------ Given records
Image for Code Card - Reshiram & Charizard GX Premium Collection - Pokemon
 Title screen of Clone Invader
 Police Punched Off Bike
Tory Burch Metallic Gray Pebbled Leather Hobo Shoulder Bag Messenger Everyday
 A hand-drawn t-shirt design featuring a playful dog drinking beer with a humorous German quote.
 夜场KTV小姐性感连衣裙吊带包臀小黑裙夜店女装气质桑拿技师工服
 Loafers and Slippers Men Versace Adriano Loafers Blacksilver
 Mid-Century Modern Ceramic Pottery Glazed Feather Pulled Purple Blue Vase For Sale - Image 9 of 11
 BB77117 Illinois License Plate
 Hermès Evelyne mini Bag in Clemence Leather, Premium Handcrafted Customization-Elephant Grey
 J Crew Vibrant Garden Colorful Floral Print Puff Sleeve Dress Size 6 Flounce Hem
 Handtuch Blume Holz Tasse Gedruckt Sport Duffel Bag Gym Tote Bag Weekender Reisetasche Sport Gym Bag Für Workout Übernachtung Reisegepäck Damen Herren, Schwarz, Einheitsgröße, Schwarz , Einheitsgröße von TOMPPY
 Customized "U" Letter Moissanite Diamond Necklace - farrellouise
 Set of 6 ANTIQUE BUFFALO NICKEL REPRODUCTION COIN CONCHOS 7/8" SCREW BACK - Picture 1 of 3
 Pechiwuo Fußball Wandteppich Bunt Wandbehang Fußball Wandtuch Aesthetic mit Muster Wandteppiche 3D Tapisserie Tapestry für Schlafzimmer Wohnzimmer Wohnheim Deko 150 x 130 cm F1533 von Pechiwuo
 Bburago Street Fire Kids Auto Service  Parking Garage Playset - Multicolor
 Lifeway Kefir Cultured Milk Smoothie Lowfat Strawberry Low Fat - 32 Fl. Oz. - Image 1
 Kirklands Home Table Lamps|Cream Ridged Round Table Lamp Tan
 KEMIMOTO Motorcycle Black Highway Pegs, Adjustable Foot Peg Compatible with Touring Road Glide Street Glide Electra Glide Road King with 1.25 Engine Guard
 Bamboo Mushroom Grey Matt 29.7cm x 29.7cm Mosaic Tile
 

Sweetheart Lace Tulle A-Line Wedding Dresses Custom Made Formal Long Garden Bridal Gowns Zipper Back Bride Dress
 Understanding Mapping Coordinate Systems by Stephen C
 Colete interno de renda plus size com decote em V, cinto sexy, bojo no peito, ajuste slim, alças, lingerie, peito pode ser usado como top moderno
------------
### Task:
Transcribe the lines from the first line of the records through the line that contains "Tory Burch Metallic", both included, and add nothing else.

### Written reply:
Image for Code Card - Reshiram & Charizard GX Premium Collection - Pokemon
 Title screen of Clone Invader
 Police Punched Off Bike
Tory Burch Metallic Gray Pebbled Leather Hobo Shoulder Bag Messenger Everyday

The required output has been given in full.